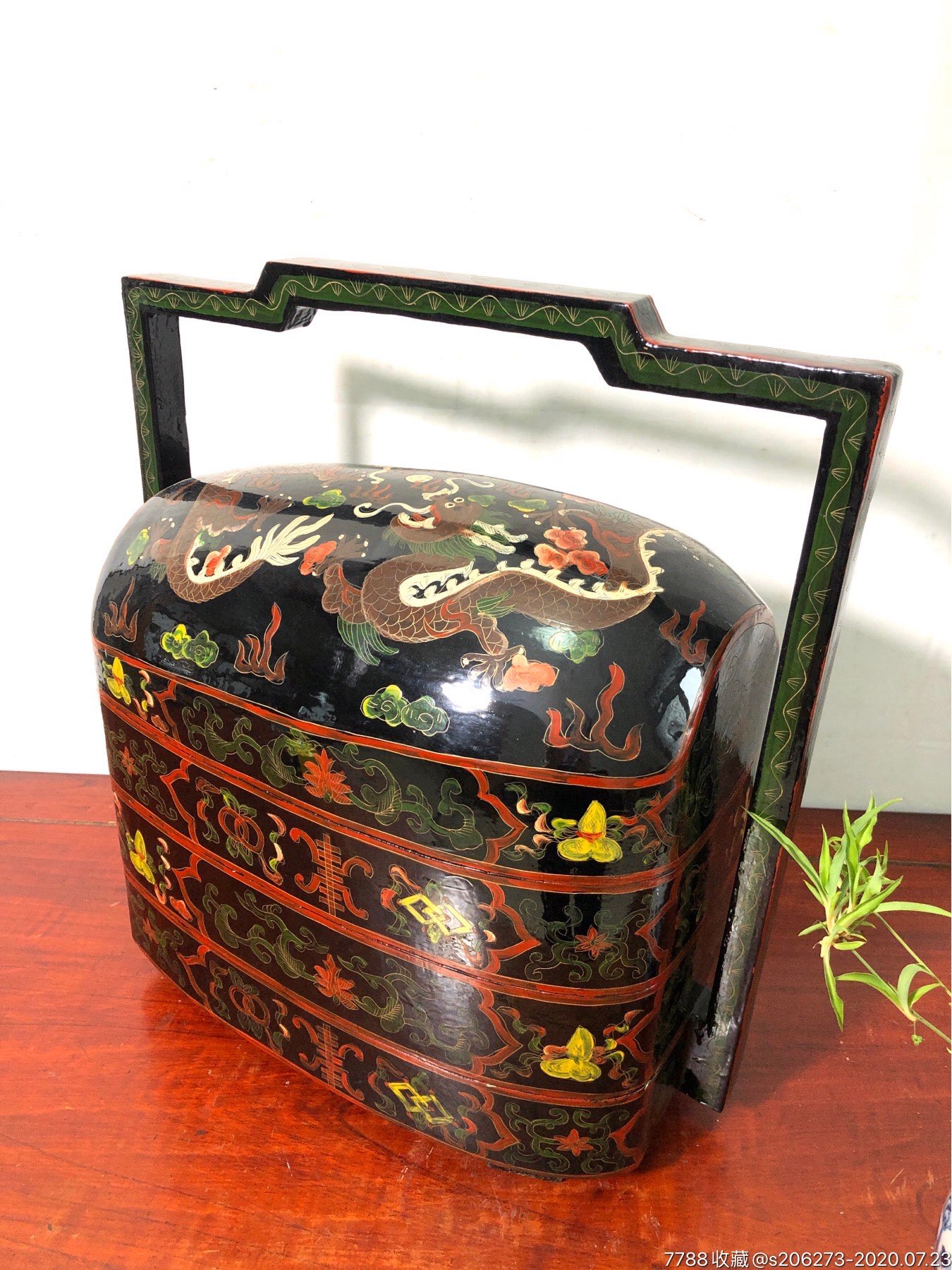 大漆描画三层大提盒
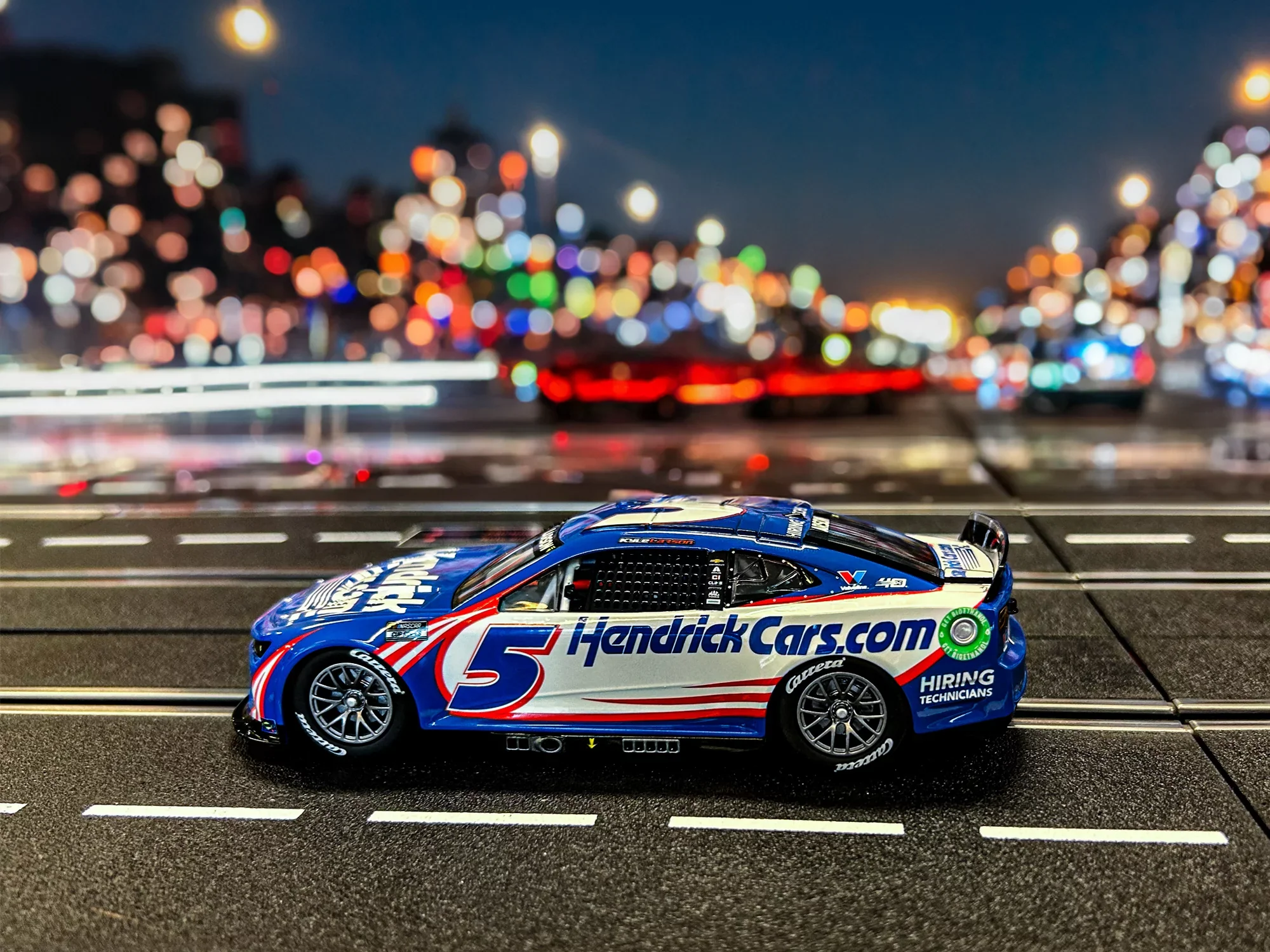 NASCAR Camaro NextGen ZL1 "Hendrick Motorsports, Kyle Larson, No.5 - Image 3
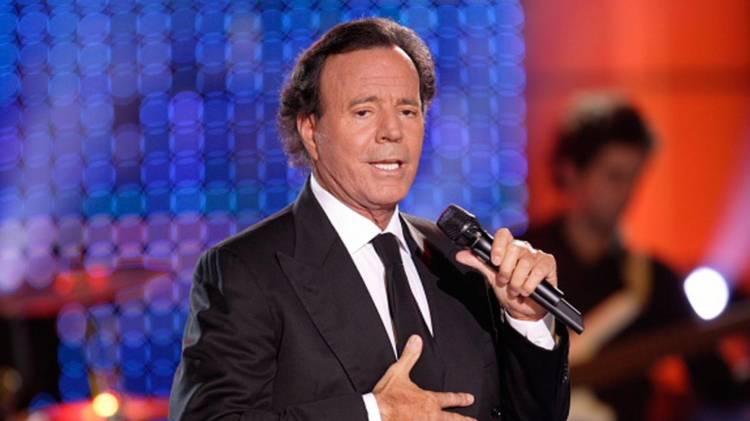 Julio Iglesias reclama que se rectifiquen declaraciones públicas que, según su defensa, dañaron su honor y presunción de inocencia.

» **Task statement**: Pictures excluded, output exactly the line that contains "NASCAR Camaro NextGen" and every line after it to the end of the data above.

» **Answer for this exercise**:
 NASCAR Camaro NextGen ZL1 "Hendrick Motorsports, Kyle Larson, No.5 - Image 3
 Julio Iglesias reclama que se rectifiquen declaraciones públicas que, según su defensa, dañaron su honor y presunción de inocencia.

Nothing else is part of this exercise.